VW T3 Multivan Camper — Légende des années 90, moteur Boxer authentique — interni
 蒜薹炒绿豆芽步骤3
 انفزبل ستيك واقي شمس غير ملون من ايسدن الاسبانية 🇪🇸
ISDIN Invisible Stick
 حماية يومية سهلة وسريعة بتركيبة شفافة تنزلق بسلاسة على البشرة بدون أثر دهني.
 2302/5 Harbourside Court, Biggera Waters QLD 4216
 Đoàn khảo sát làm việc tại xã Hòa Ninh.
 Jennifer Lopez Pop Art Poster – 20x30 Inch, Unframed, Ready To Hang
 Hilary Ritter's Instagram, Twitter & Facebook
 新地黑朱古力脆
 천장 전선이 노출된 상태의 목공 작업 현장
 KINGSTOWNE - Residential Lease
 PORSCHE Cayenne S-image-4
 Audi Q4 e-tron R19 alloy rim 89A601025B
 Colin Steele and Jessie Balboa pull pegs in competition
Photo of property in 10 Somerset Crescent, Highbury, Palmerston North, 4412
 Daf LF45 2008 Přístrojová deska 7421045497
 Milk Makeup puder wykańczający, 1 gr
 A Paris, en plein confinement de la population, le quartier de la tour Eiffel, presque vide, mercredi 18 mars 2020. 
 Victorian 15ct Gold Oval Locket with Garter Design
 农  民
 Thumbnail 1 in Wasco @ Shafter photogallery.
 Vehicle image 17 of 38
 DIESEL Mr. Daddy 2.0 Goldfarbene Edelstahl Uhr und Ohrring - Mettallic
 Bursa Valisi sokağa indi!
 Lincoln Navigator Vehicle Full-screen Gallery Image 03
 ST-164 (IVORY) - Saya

Exercise objective: Only the lines from the one with "Bursa Valisi sokağa indi!" through the final line above should be repeated, each exactly as written.

Solution for this task:
 Bursa Valisi sokağa indi!
 Lincoln Navigator Vehicle Full-screen Gallery Image 03
 ST-164 (IVORY) - Saya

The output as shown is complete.